* **EXERCISE AIM**
Starting at the line that contains "vidaXL Sofasessel Hellgrau 60 cm Stoff vidaXL" and stopping after the line that contains "7000K 12V LED", transcribe the listing below exactly; do not include any pictures.

* **EXCERPTED RECORDS**
________

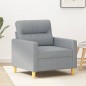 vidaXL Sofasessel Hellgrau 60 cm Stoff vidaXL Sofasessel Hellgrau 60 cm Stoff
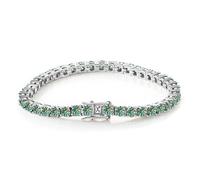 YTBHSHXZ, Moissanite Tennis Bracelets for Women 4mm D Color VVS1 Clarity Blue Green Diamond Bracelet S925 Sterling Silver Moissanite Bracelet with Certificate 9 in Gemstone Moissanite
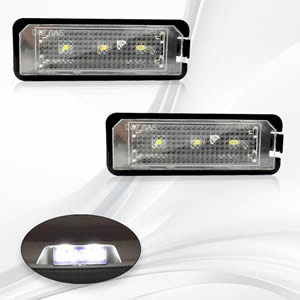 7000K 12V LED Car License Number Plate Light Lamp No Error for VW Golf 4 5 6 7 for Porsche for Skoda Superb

________

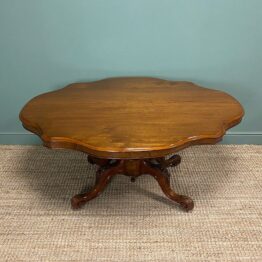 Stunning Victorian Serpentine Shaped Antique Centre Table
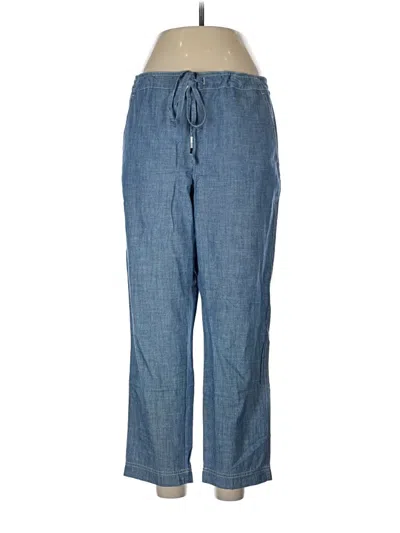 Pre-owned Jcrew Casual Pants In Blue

________

* **WORKED SOLUTION**
 vidaXL Sofasessel Hellgrau 60 cm Stoff vidaXL Sofasessel Hellgrau 60 cm Stoff
 YTBHSHXZ, Moissanite Tennis Bracelets for Women 4mm D Color VVS1 Clarity Blue Green Diamond Bracelet S925 Sterling Silver Moissanite Bracelet with Certificate 9 in Gemstone Moissanite
 7000K 12V LED Car License Number Plate Light Lamp No Error for VW Golf 4 5 6 7 for Porsche for Skoda Superb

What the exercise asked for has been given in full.